Es war erst Viertel nach sieben, doch die Ermittler im Dezernat für Tötungsdelikte waren schon mitten bei der Arbeit, sie nahmen die Daten der potentiellen Morde und Totschläge auf, die es in der Nacht gegeben hatte, und versammelten sich in den Pausenräumen, um die Fortschritte bei offenen Fällen zu besprechen. Captain Laura Hayward saß hinter ihrem Schreibtisch und beendete einen ungewöhnlich umfassenden Monatsbericht für den Commissioner. Der arme Mann war neu hier – er war aus Texas hergewechselt –, und Hayward wusste, dass er ein wenig bürokratisches Händchenhalten schätzte.

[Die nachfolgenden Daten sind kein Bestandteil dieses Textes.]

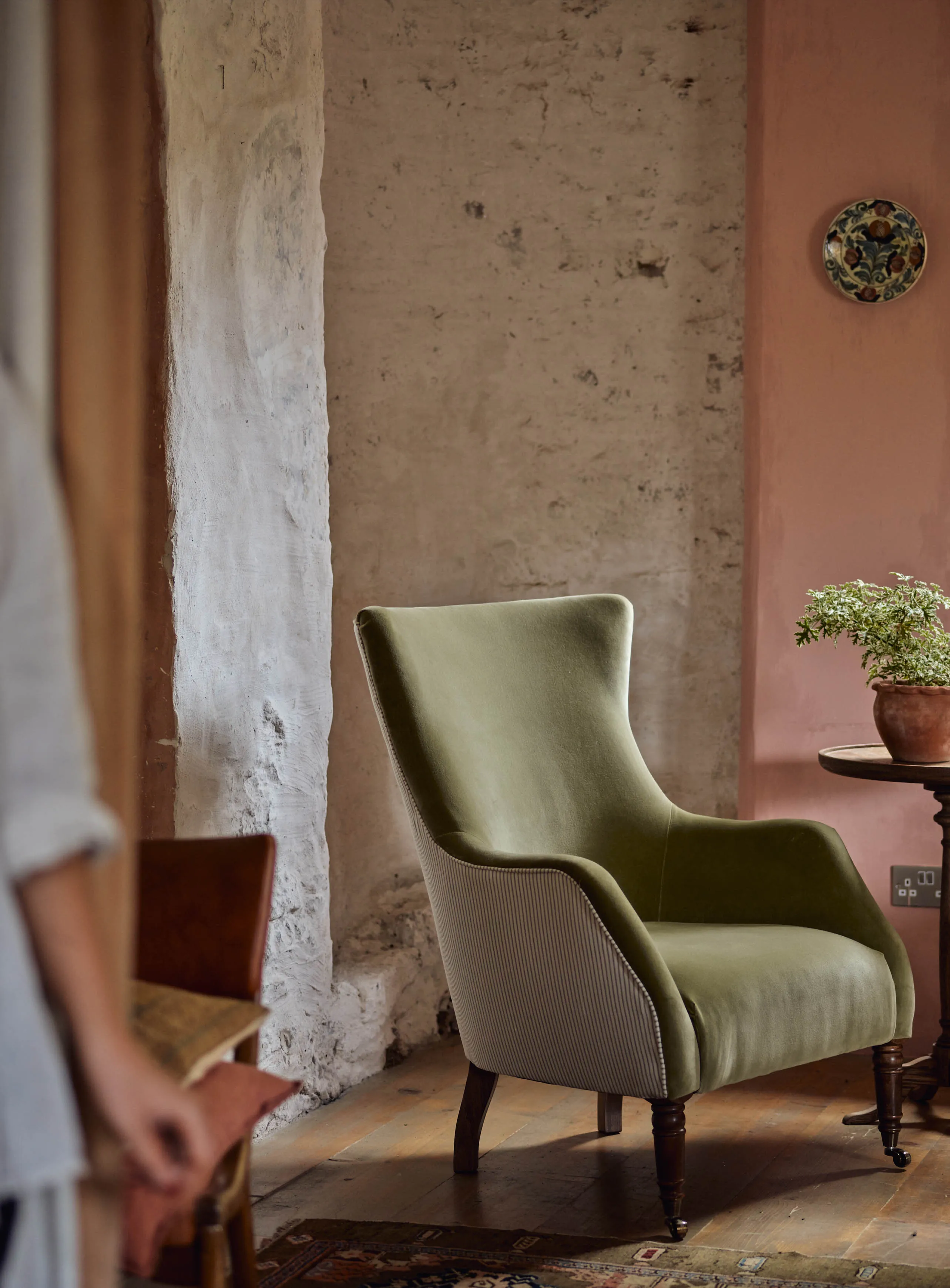 Bromley Wingback Chair, Sage Velvet & Heritage Mole Stripe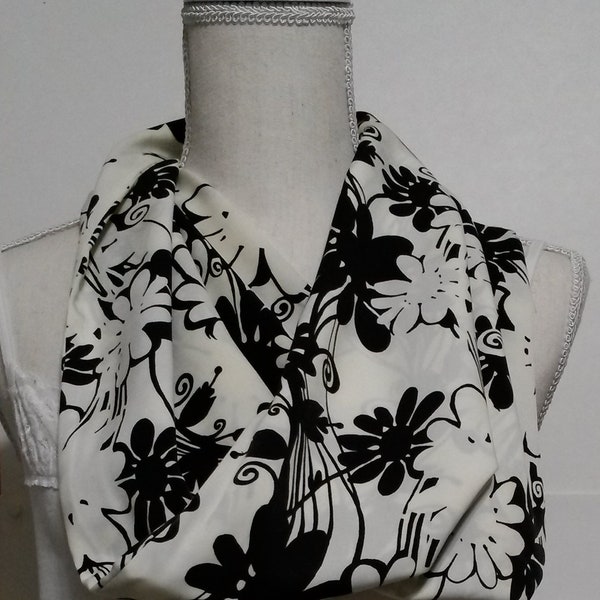 Women's Black on White  Short Infinity Scarf With Big Black Flowers,  34 Inches Long, 11.5 Inches Wide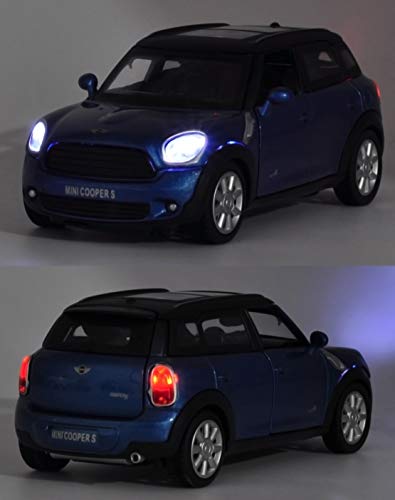 Image of Magicwand MZ 1:32 Scale Coooper Die-Cast Car with 4 Openable Doors Music,Pull Back Action & Glowing Head & Tail Lights【Pack of 1】【Colors as Per Stock】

Sie schrieb ihren Bericht zu Ende, speicherte und trank einen Schluck von ihrem Kaffee. Er war nicht mal mehr lauwarm; sie war bereits seit über einer Stunde im Büro. Als sie den Becher abstellte, klingelte ihr Handy. Es war ihr privates Handy, nicht das offizielle, und nur vier Menschen kannten die Nummer: ihre Mutter, ihre Schwester, der Anwalt der Familie – und Vincent D’Agosta.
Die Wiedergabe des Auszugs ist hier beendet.